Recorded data
--
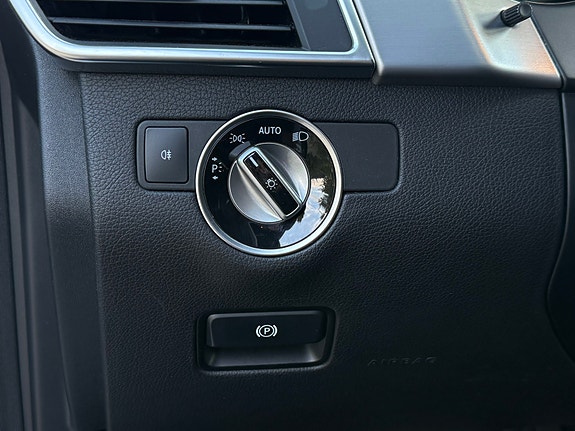 Mercedes-Benz ML250 24 of 30
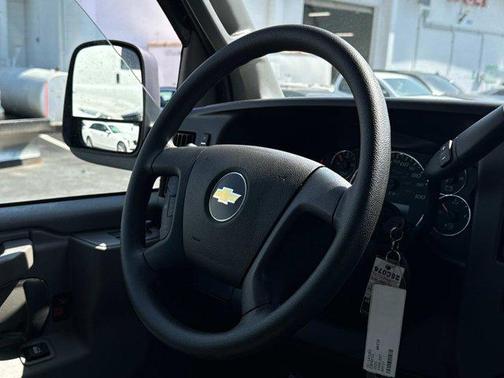 2025 Chevrolet Express 3500 RWD 3500 Extended Wheelbase WT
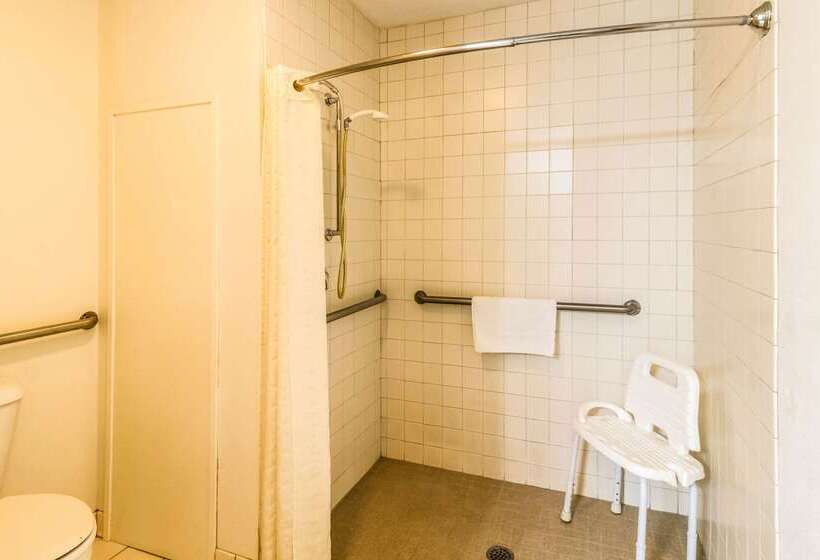 فندق Econo Lodge   Valley City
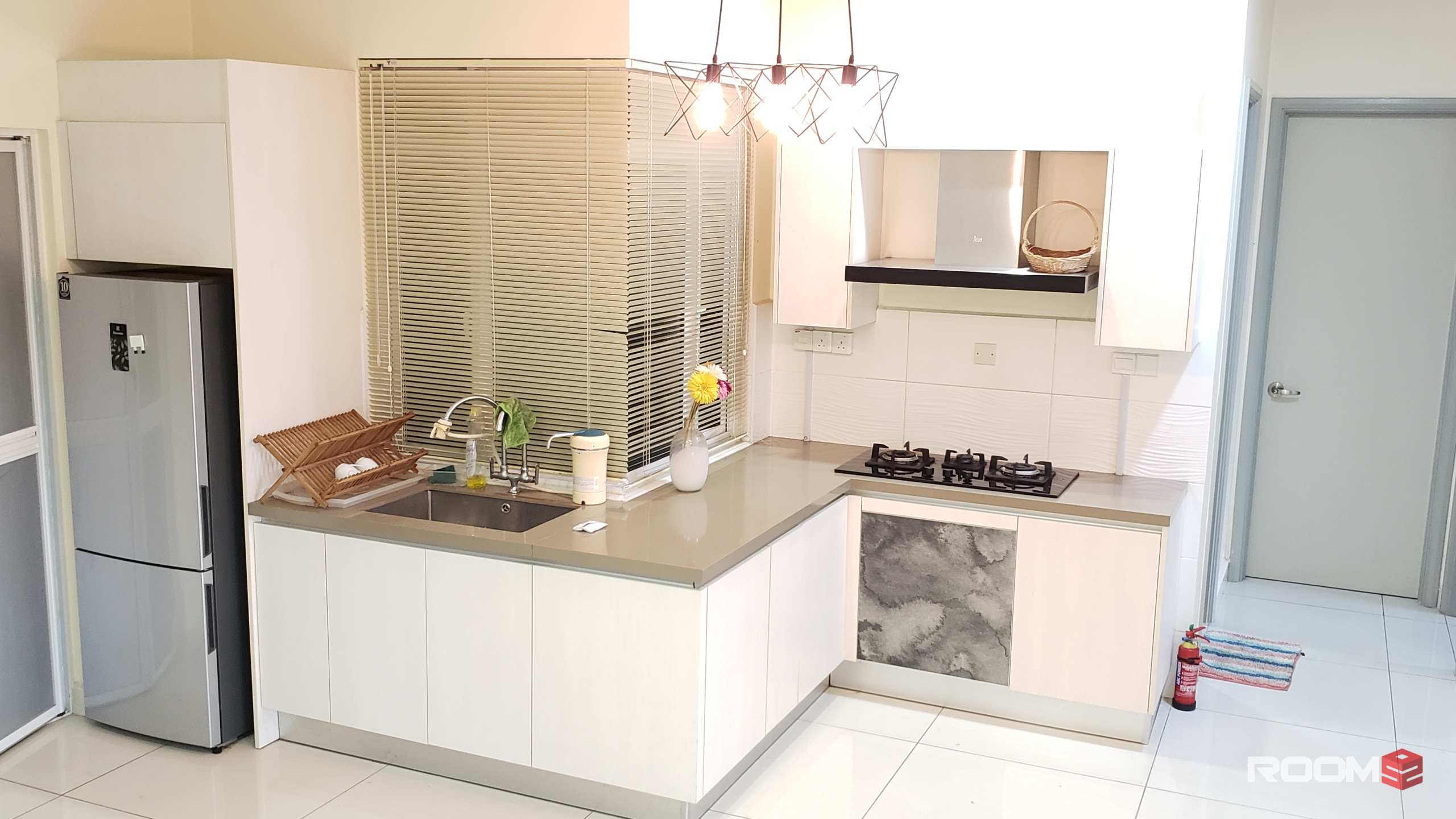 Fully Furnished Master room in Bangsar South For Rent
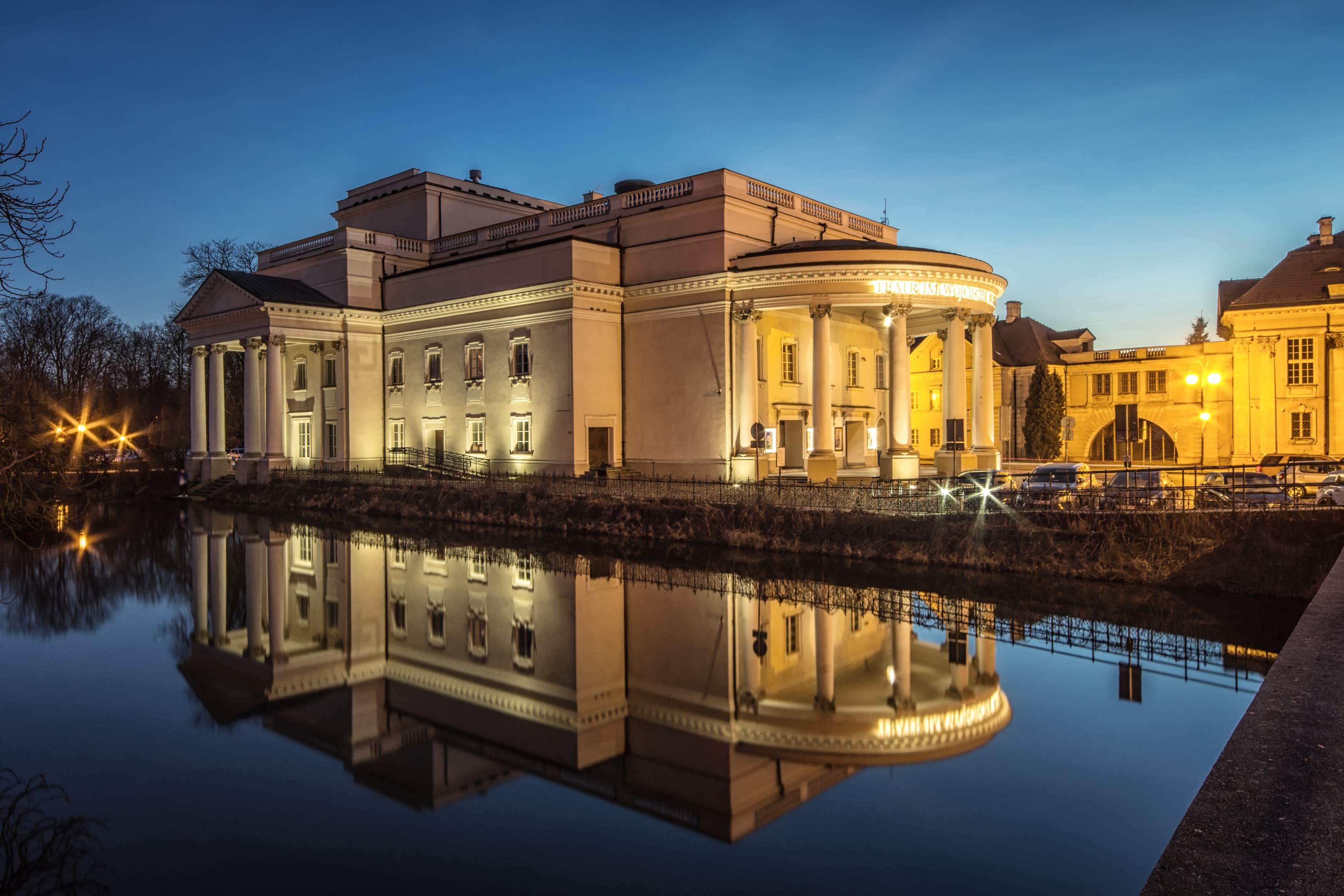 Teatr im. Wojciecha Bogusławskiego w Kaliszu (źródło: https://commons.wikimedia.org/wiki/File:SM_Kalisz_Teatr_Bogus%C5%82awskiego_2022(0).jpg)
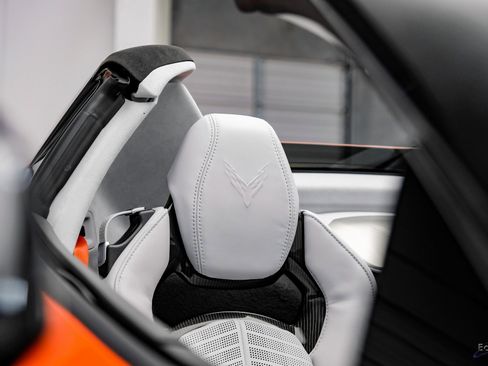 Used 2021 Chevrolet Corvette Stingray Premium Conv w/ Z51 Performance Package image 56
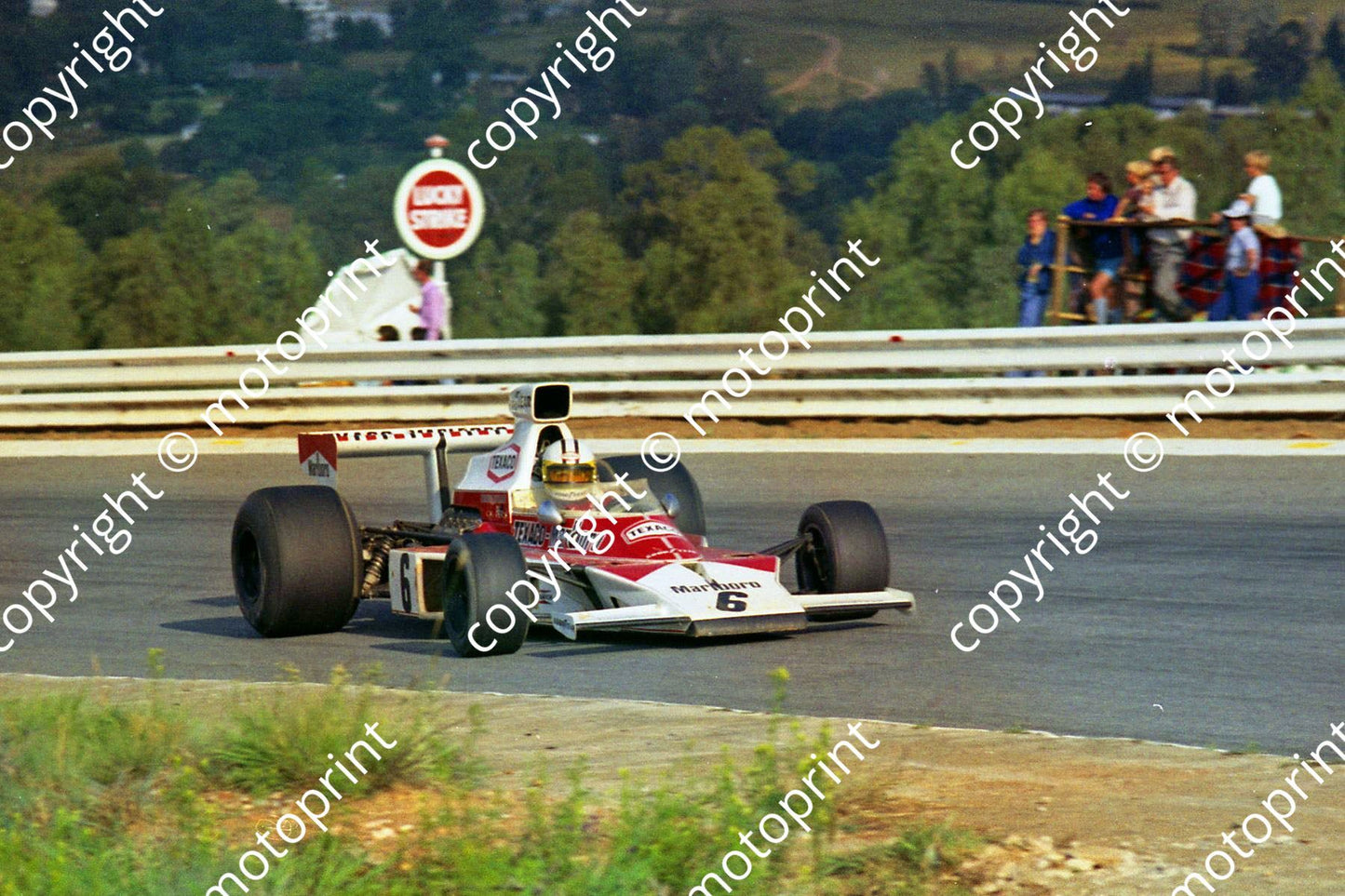 1974 SA GP 6 Denny HUlme McLaren M23 (permission Malcolm Sampson Motorsport Photography) (1)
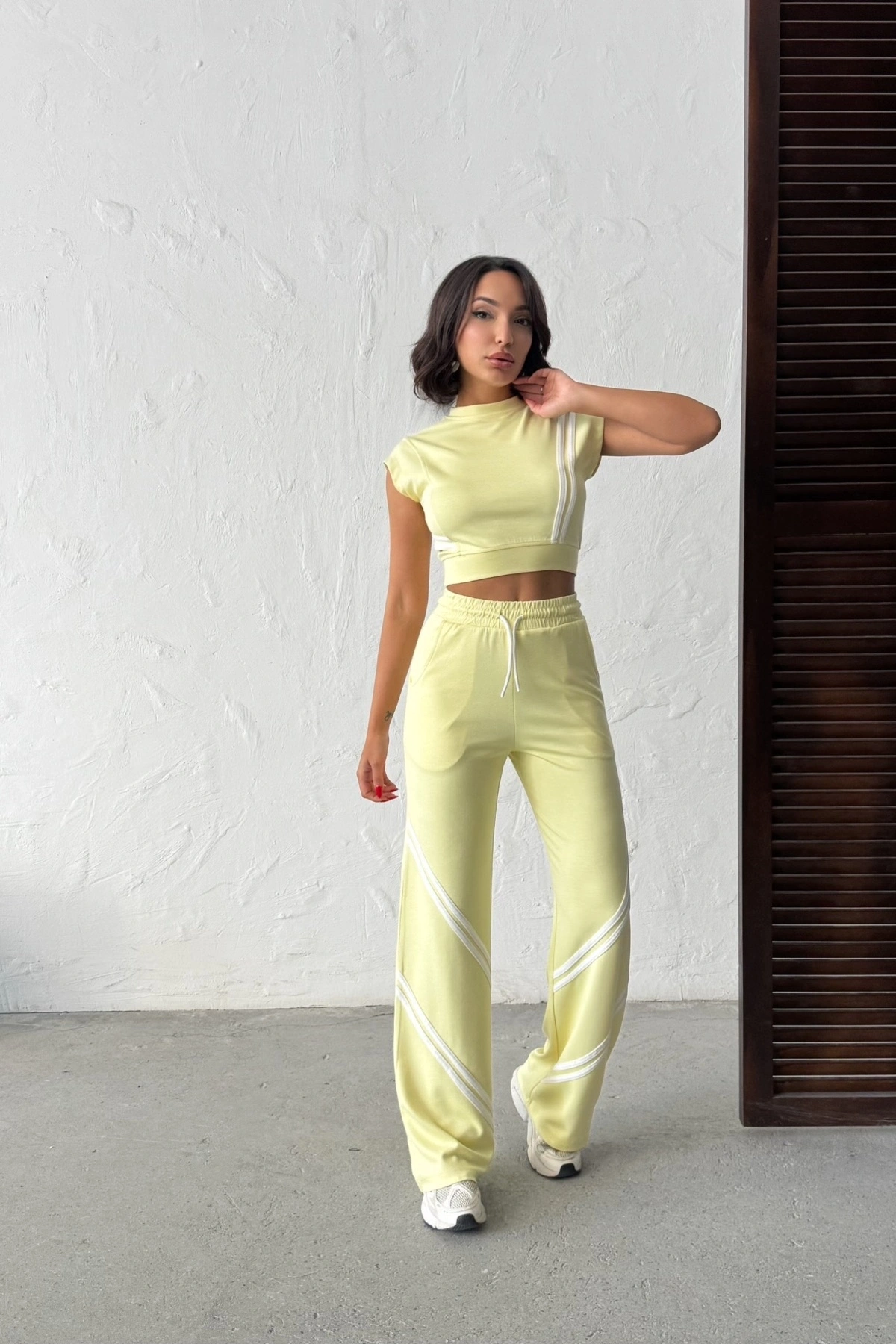 Kadın Yaz Sarısı Şerit Detaylı Crop Bluz Yüksek Bel Bol Paça Pantolon Alt Üst İkili Takım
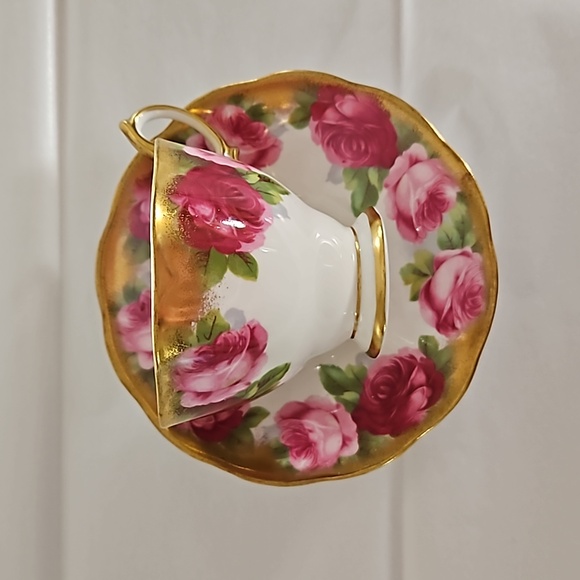 Antique "Old English Rose" by Royal Albert, cup and saucer. - Picture 4 of 8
--
Pictures don't belong in the copy. Transcribe every record exactly as it appears.

● **Solved exercise**:
 Mercedes-Benz ML250 24 of 30
 2025 Chevrolet Express 3500 RWD 3500 Extended Wheelbase WT
 فندق Econo Lodge   Valley City
 Fully Furnished Master room in Bangsar South For Rent
 Teatr im. Wojciecha Bogusławskiego w Kaliszu (źródło: https://commons.wikimedia.org/wiki/File:SM_Kalisz_Teatr_Bogus%C5%82awskiego_2022(0).jpg)
 Used 2021 Chevrolet Corvette Stingray Premium Conv w/ Z51 Performance Package image 56
 1974 SA GP 6 Denny HUlme McLaren M23 (permission Malcolm Sampson Motorsport Photography) (1)
 Kadın Yaz Sarısı Şerit Detaylı Crop Bluz Yüksek Bel Bol Paça Pantolon Alt Üst İkili Takım
 Antique "Old English Rose" by Royal Albert, cup and saucer. - Picture 4 of 8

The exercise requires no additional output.